» **Task objective**
Within the listing that follows, reproduce exactly the lines starting at the line with "Field technician installing" and ending at the line with "The view from", inclusive, and only those. Pictures are dropped.
----
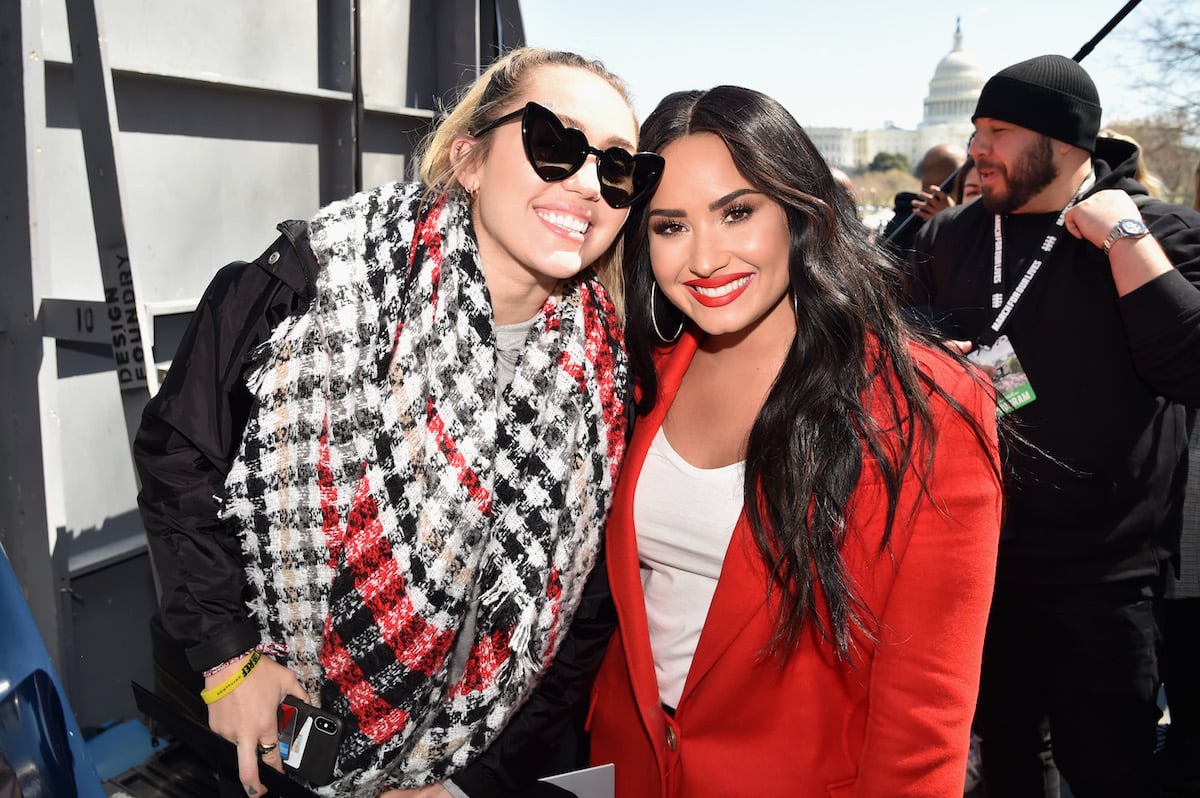 Miley Cyrus and Demi Lovato pose together at an event.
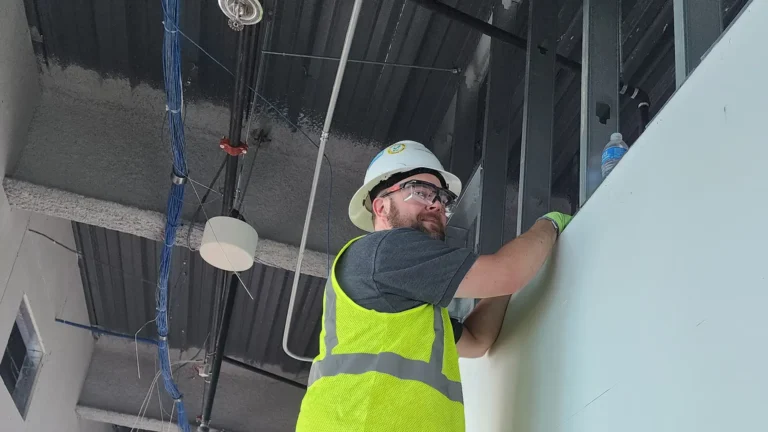 Field technician installing conduit and cable for security system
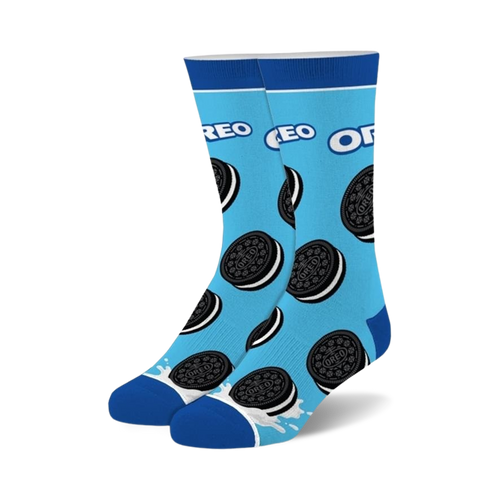 Pair of crew socks on light blue background, adorned with Oreo cookies and a milk splash at the bottom. Black and white Oreo design.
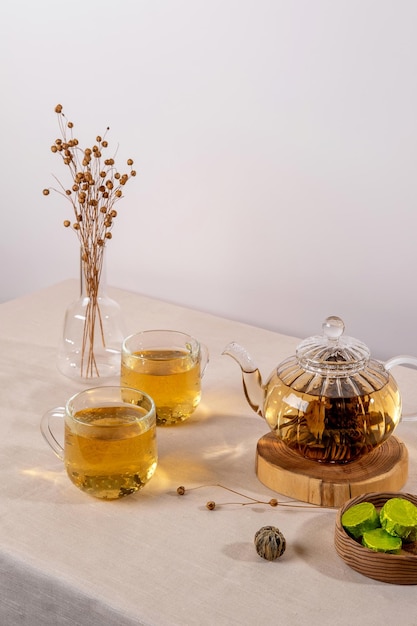 Green tea oolong in glass teapot on table Hot tea is in the glass cups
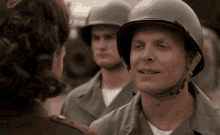 a man in a helmet talks to another man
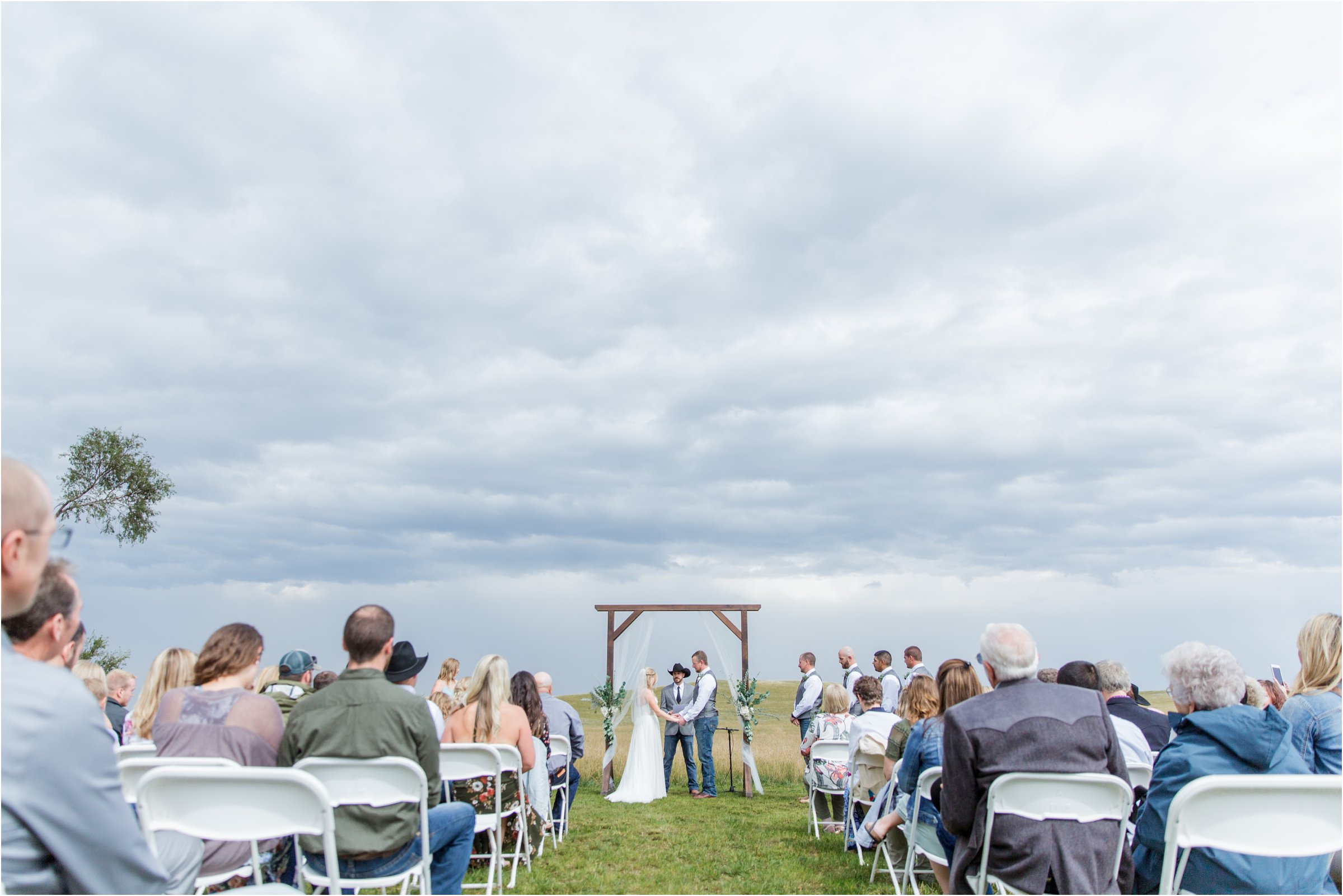the bride and groom hold hands in front of their guests for the ceremony on the wyoming prairie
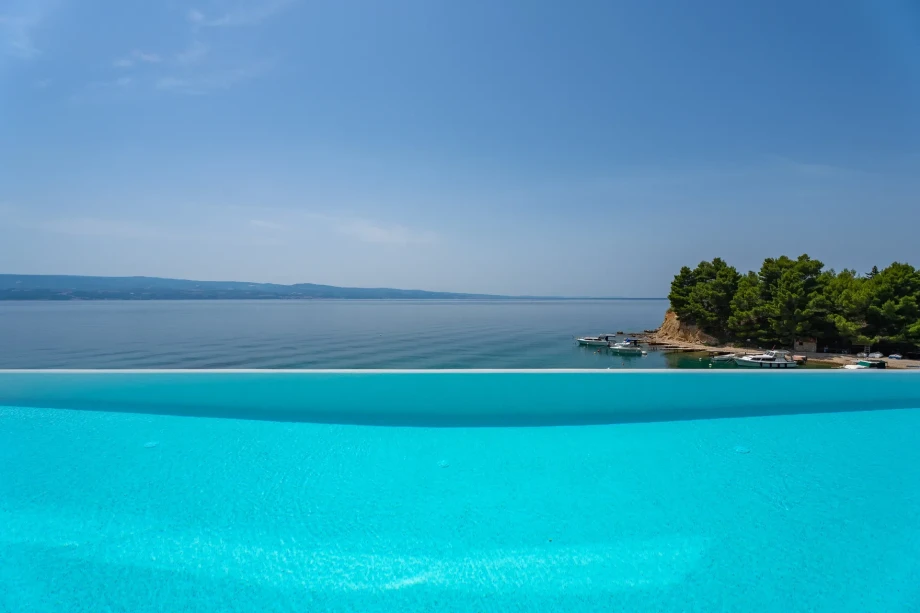 The view from the infinity pool overlooks the sea and the island of Brač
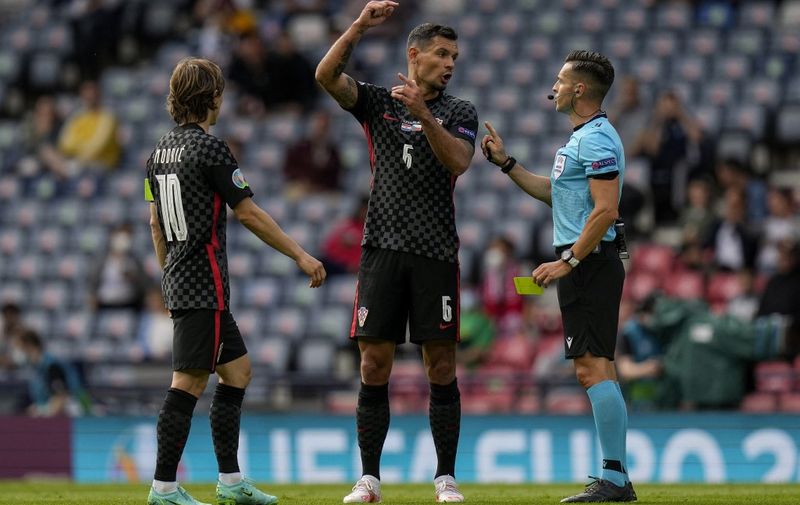Croatia's defender Dejan Lovren (C) talks with Spanish referee Carlos del Cerro Grande during the UEFA EURO 2020 Group D football match between Croatia and Czech Republic at Hampden Park in Glasgow on June 18, 2021. (Photo by Petr David Josek / POOL / AFP)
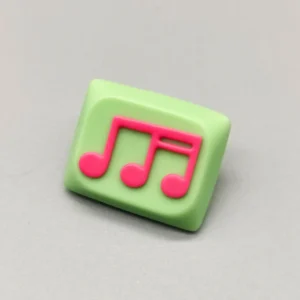 Vibrant green-pink Musical Note Low Shaft Keycaps showcasing a handcrafted, fluid music note design, embodying artistic and playful aesthetics.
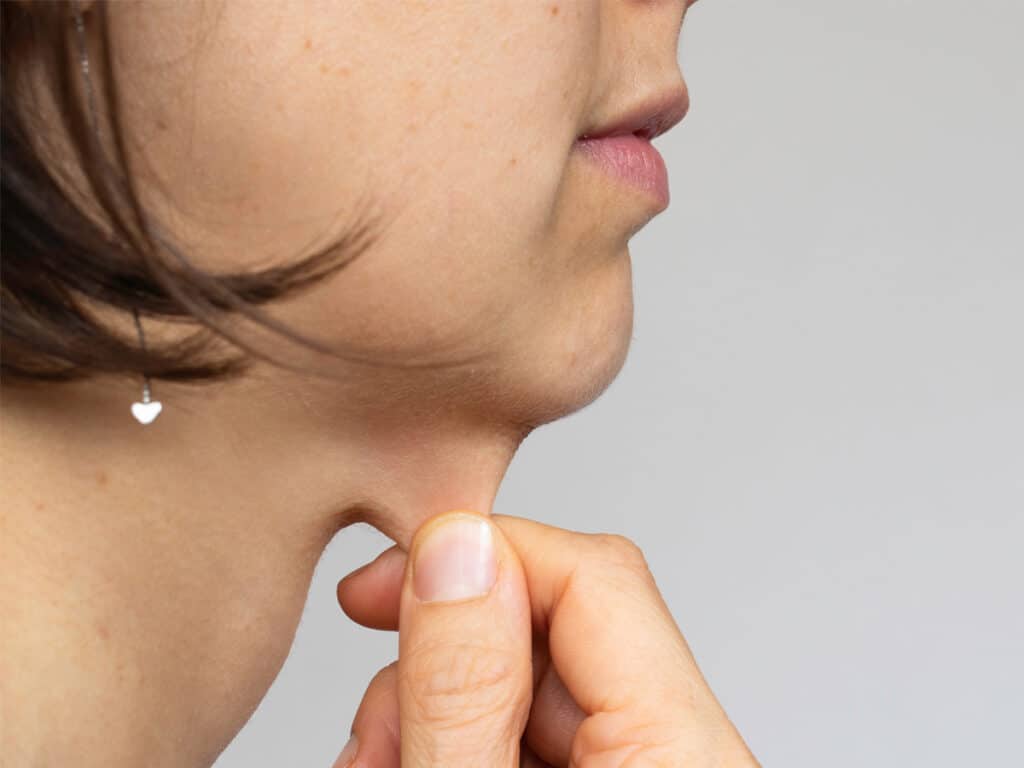 Loose and sagging skin on the neck can be caused by many factors such as aging, sun damage, weight fluctuations, genetics, and environmental conditions.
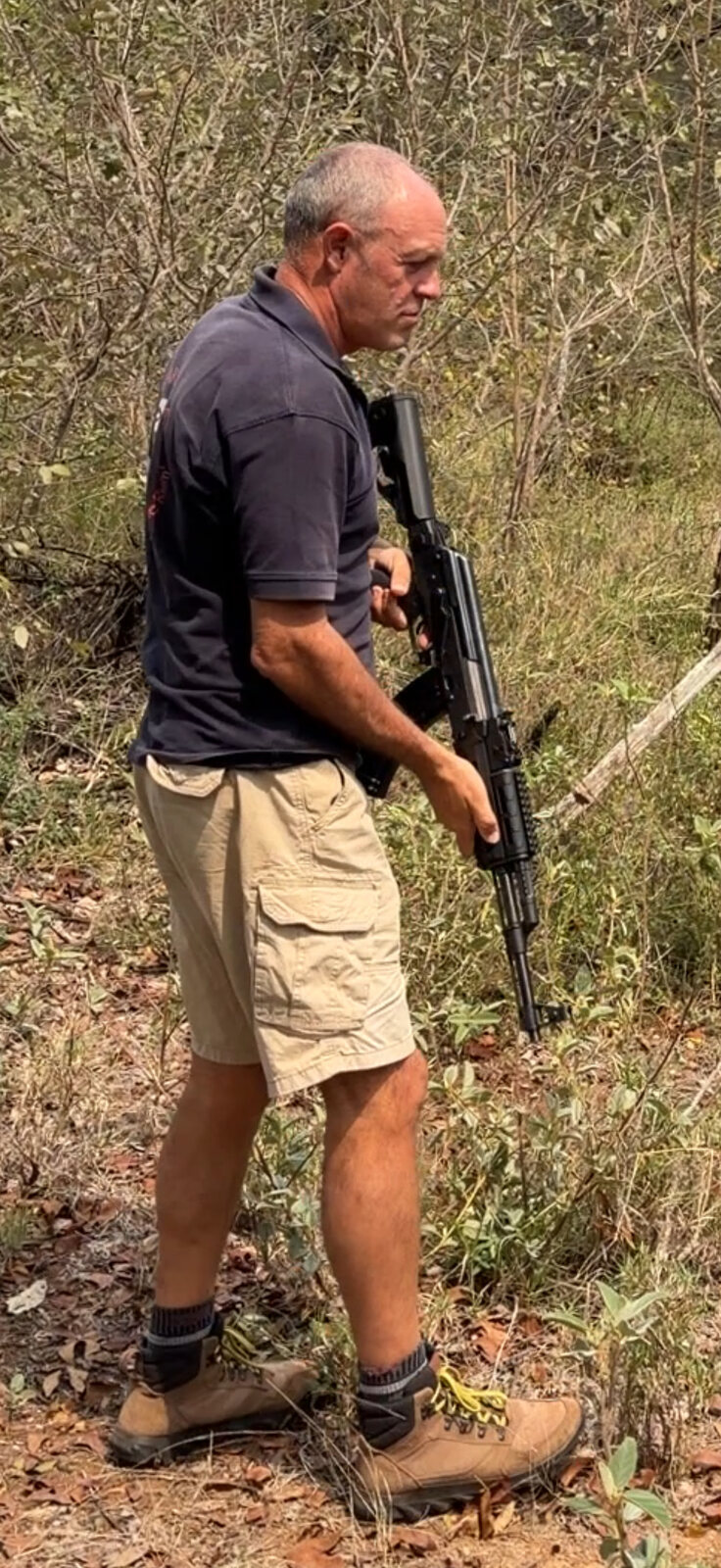 James Kenning holding an AK-47 rifle during target practice in the bush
----
» **Output for this exercise**
 Field technician installing conduit and cable for security system
 Pair of crew socks on light blue background, adorned with Oreo cookies and a milk splash at the bottom. Black and white Oreo design.
 Green tea oolong in glass teapot on table Hot tea is in the glass cups
 a man in a helmet talks to another man
the bride and groom hold hands in front of their guests for the ceremony on the wyoming prairie
 The view from the infinity pool overlooks the sea and the island of Brač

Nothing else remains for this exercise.